The answer is easy – 10% to 20% of the company. The difficulty is understanding why and how to stick to that limit!
Is this a legal requirement?
The range of 10% to 20% is based on our extensive experience, of having advised over a thousand companies both on setting up employee share schemes.
Are there legal requirements on how much of a company you can give to your employees?
You may need to agree a limit with your investors, and 10% to 20% is a typical limit to agree with investors. If you list your shares on a stock exchange (so the public can freely trade your shares) the rules of that stock exchange may impose limits or guidelines on how much of the company’s shares you can give to employees.
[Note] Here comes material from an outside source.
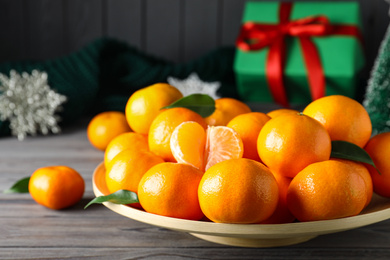 Photo of Tasty fresh tangerines on wooden table. Christmas celebration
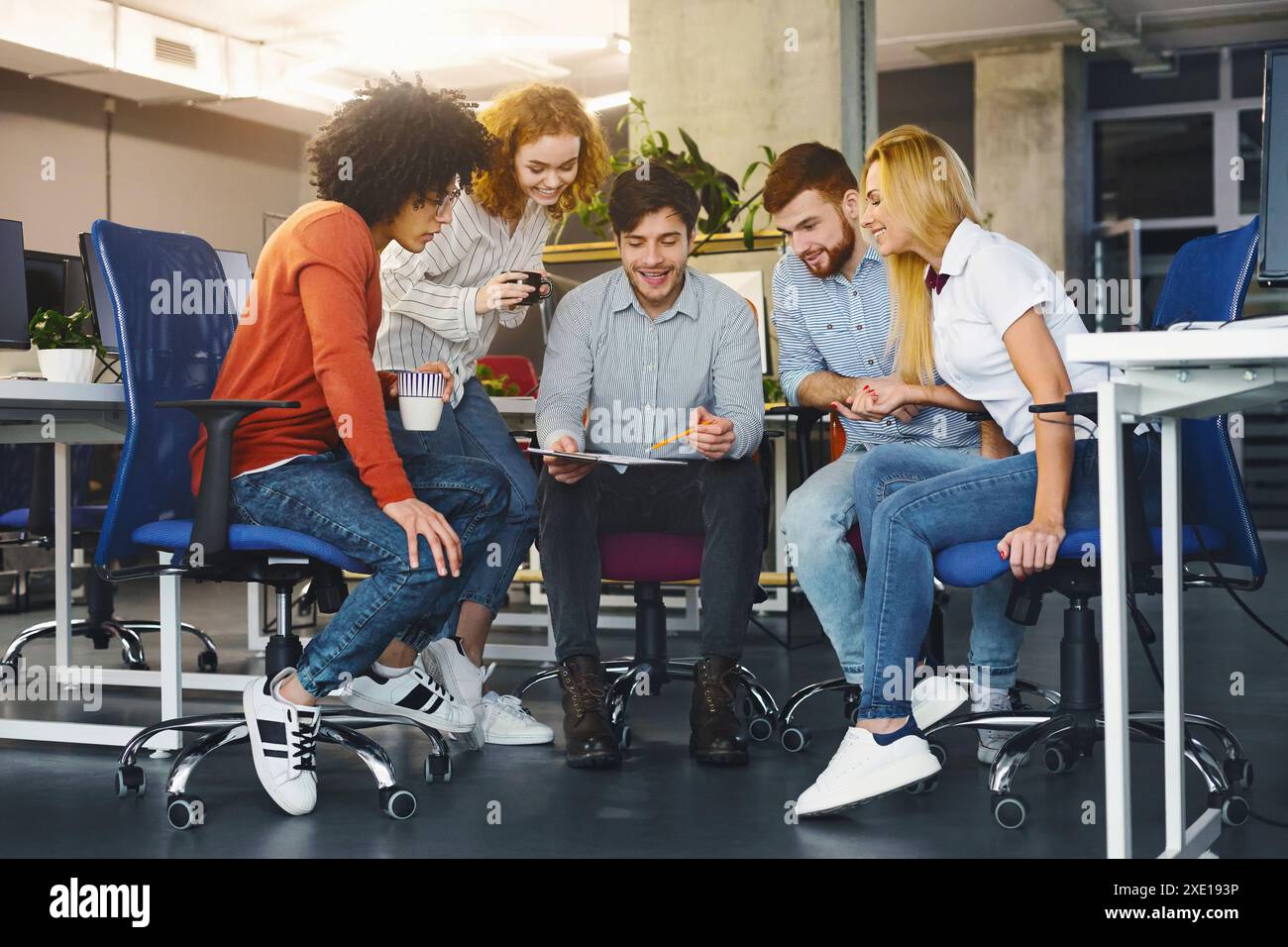 Young creative team discussing new project in coworking space Stock Photo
Why stick to a 10% to 20% limit?
Company law states that holders of 25% of shares can block special resolutions. A special resolution is an agreement between shareholders which affects something fundamental to the structure of the company. You may need to get a special resolution as part of an arrangement to successfully raise finance, relocate the company in a different country or sell the company. If you give employees 25%, or even close to 25%, you are giving them a huge amount of power to affect the future of the company.
Although voting power might seem a good way to engage employees in the business, it’s not. The law relating to special resolutions is confusing without specialist legal advice, and the issues covered by special resolutions are obscure, legalistic and far removed from the business issues employees are likely to be familiar with or have an opinion on. If you want to engage employees in management of the business, it is better to consult with them on the sort of decisions made at board level or below, relating to every day business or strategy.
Should this amount be allocated straight away?
No. If you do, you’re likely to run out of shares too quickly.
You need these shares to last from before your seed funding round up to an exit. You need a strategy for awarding shares so that, whatever limit you decide, you can keep within your limit over the long term.
Does this include founders?
Founders tend to have a different and uniquely long term view for the company. They should be considered separately from other employees.